=== RECORD EXCERPTS ===
+++

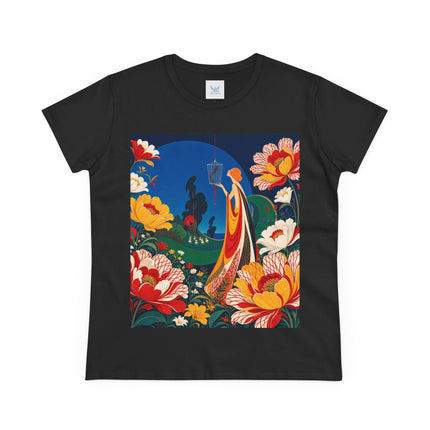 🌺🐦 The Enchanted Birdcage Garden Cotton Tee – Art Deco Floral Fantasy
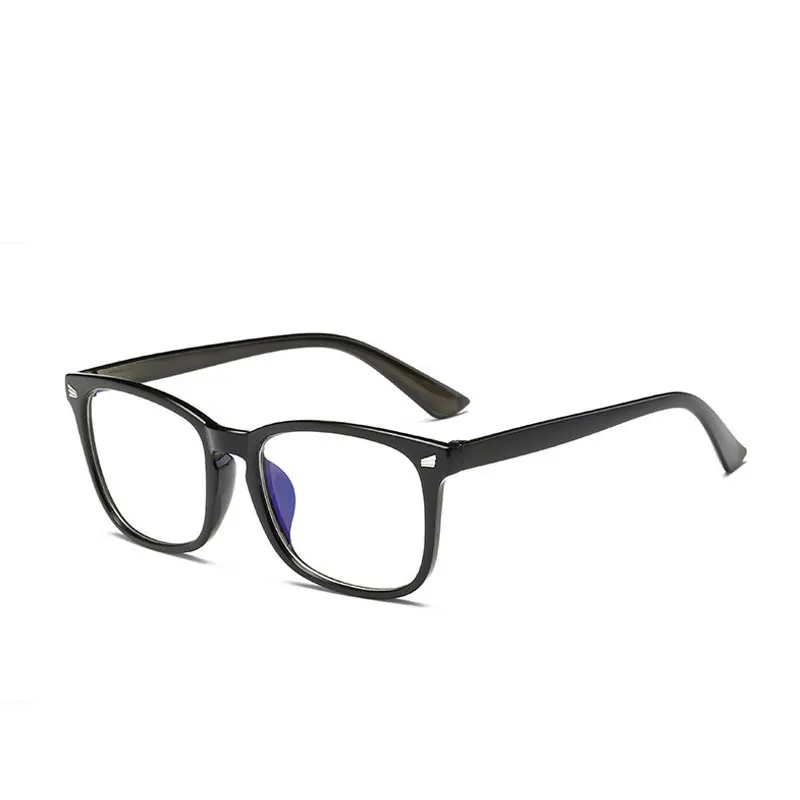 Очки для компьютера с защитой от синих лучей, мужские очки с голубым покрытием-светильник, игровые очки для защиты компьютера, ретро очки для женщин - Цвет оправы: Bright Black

+++

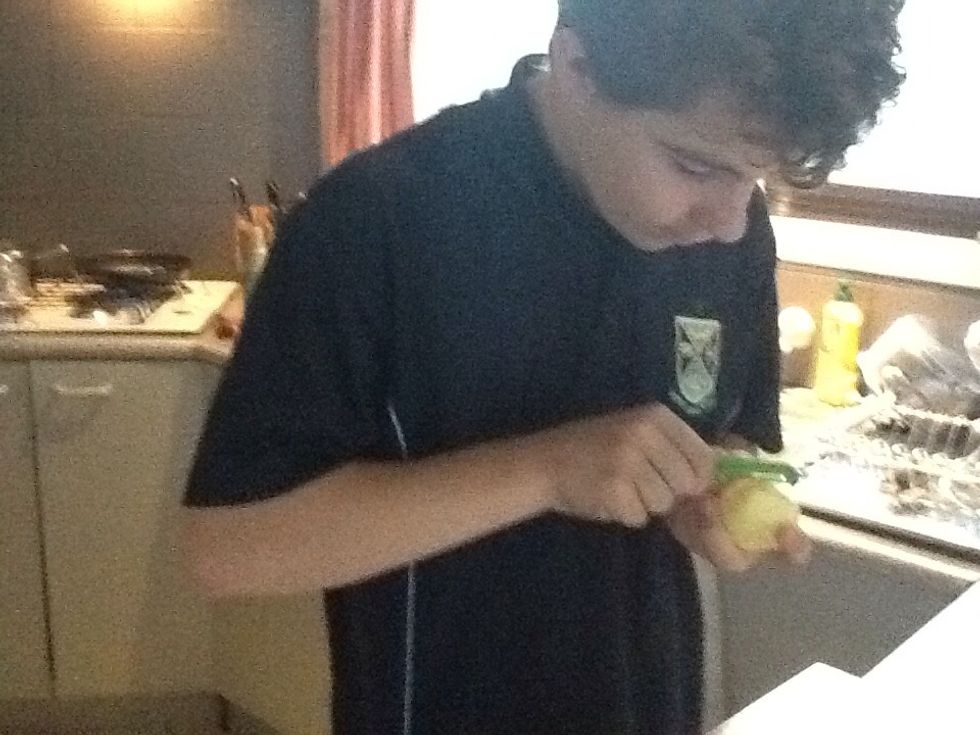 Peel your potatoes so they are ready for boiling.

+++

=== HOW TO COMPLETE THIS TASK ===
To complete this exercise, transcribe exactly the lines above from the one that holds "Deco Floral Fantasy" through the one that holds "Очки для компьютера". Pictures stay out.

=== THE ANSWER ===
 🌺🐦 The Enchanted Birdcage Garden Cotton Tee – Art Deco Floral Fantasy
 Очки для компьютера с защитой от синих лучей, мужские очки с голубым покрытием-светильник, игровые очки для защиты компьютера, ретро очки для женщин - Цвет оправы: Bright Black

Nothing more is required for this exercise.